### Try it
Pictures in the entries below are excluded; copy only the lines from the one containing "X30059-1 Globe Gasket (Gear Shift)" to the one containing "230 Pintail Dr, Hammond, WI 54015 - Photo 11", both included.

### Task material

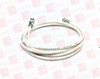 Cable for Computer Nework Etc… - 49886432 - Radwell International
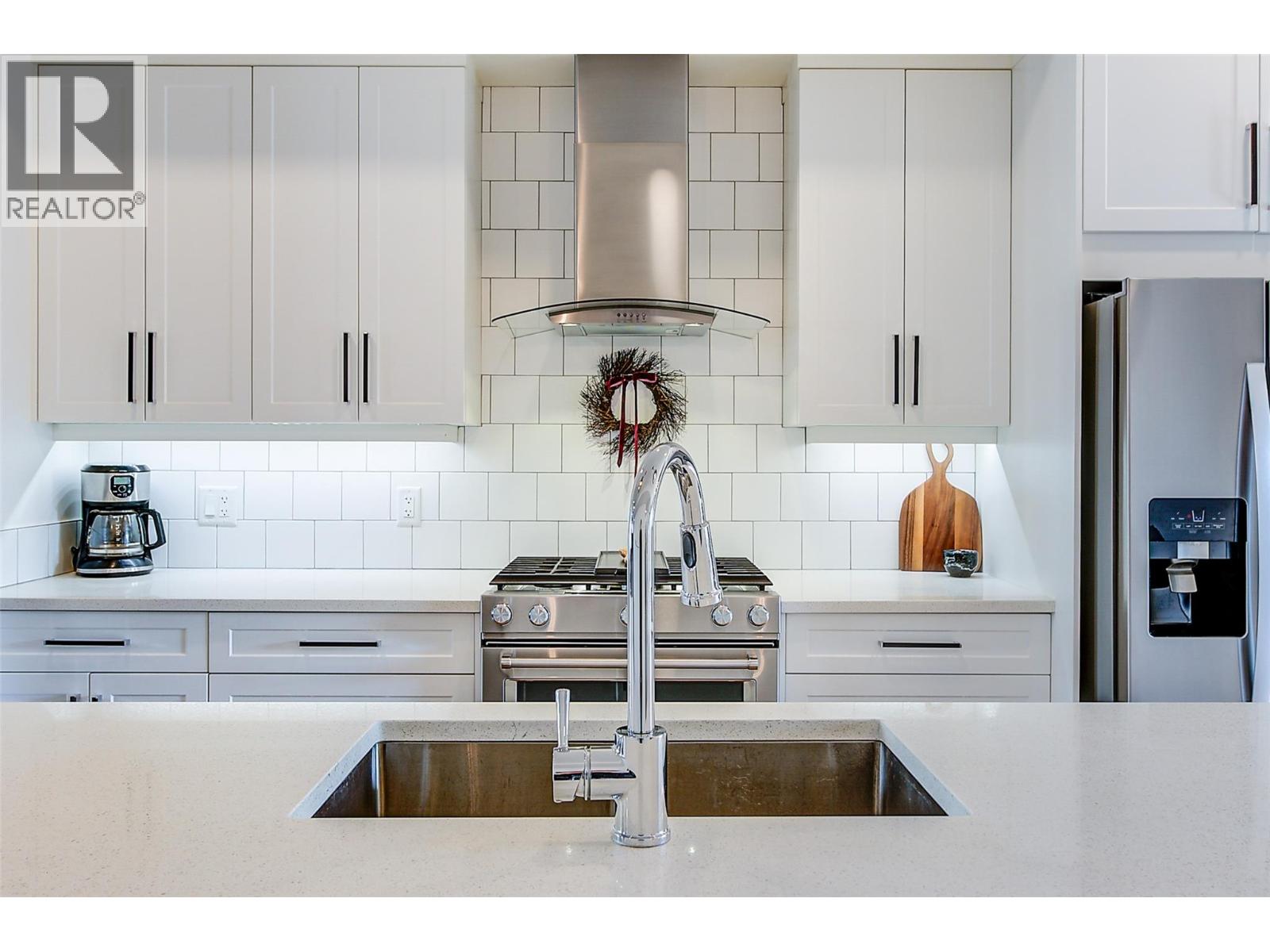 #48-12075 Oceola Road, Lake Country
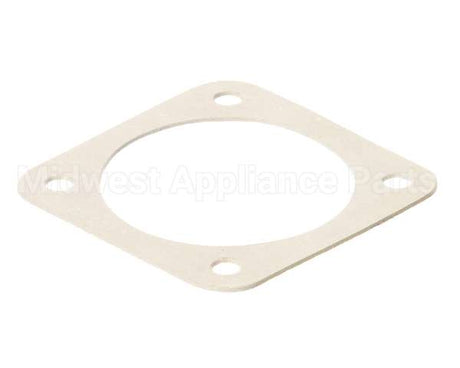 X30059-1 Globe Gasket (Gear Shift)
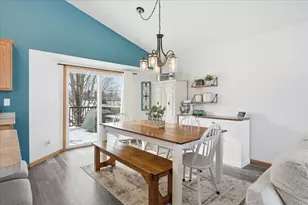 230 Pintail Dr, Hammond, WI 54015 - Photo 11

--

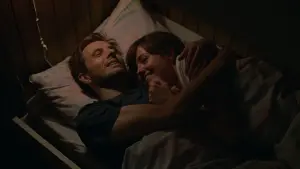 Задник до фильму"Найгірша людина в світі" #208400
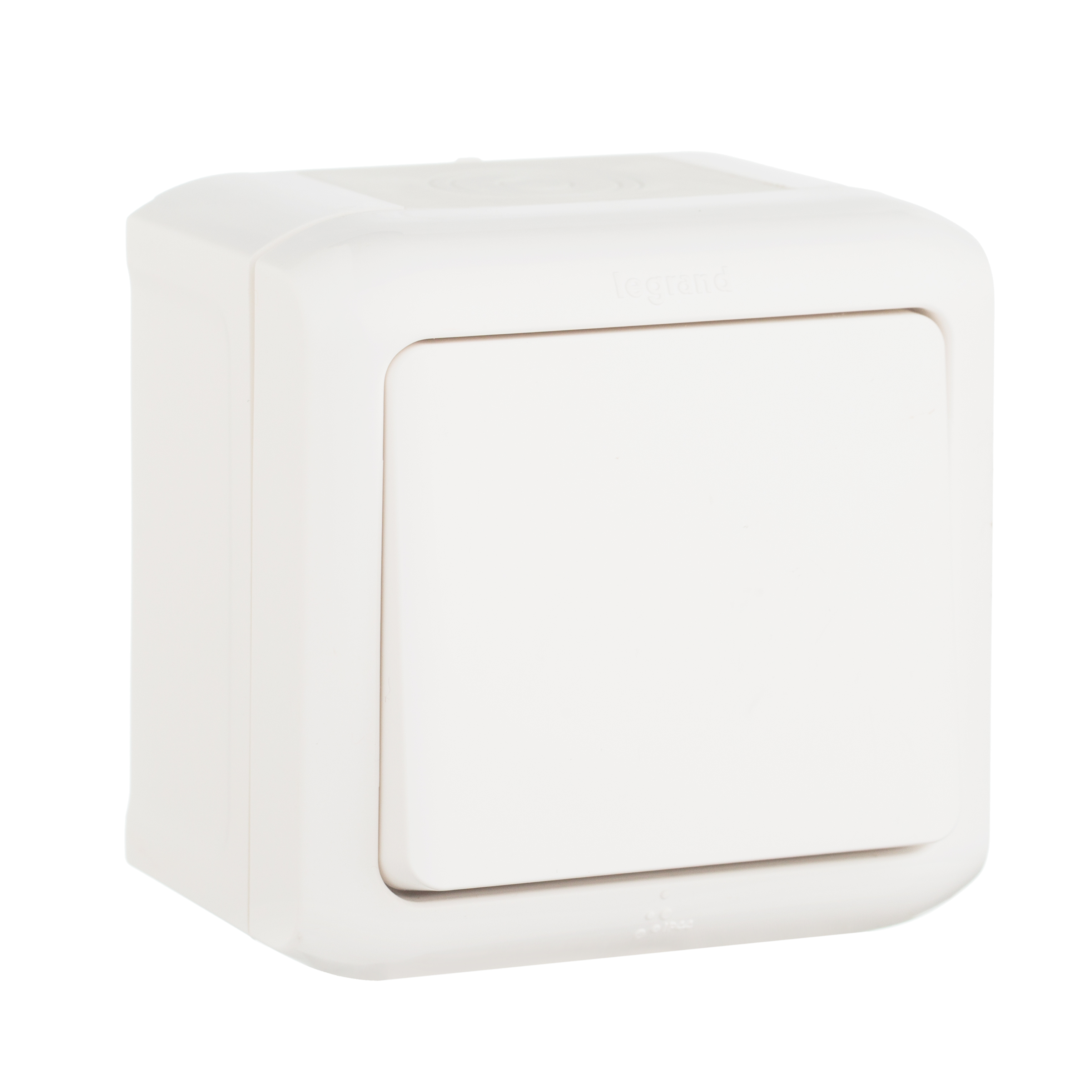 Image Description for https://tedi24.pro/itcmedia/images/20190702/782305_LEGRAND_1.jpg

--

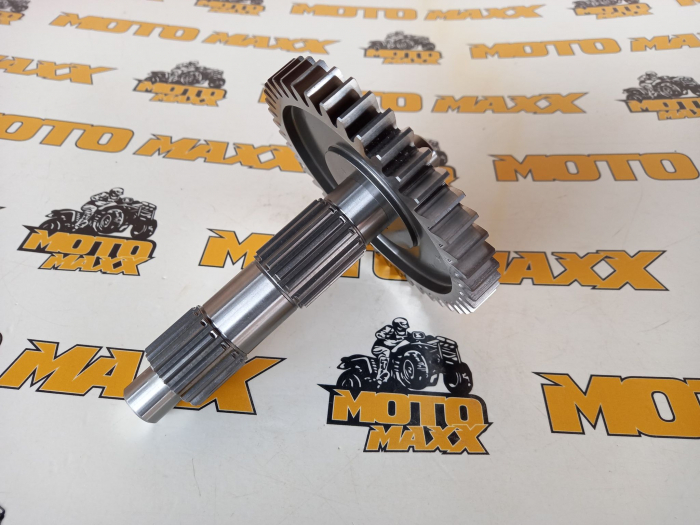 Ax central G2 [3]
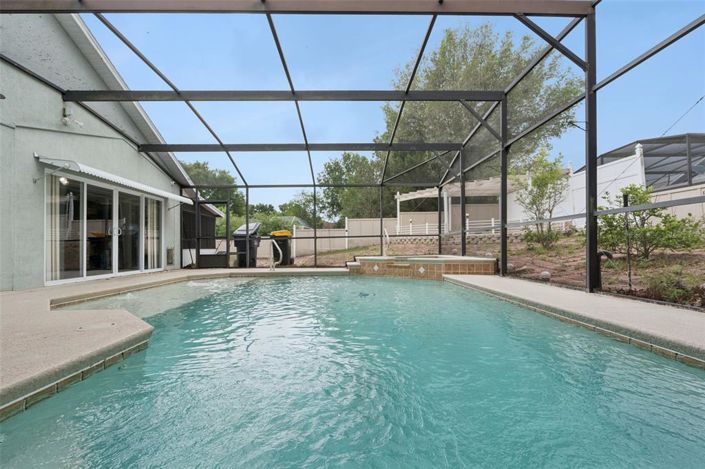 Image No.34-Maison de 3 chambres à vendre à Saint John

### Reply to the exercise
 X30059-1 Globe Gasket (Gear Shift)
 230 Pintail Dr, Hammond, WI 54015 - Photo 11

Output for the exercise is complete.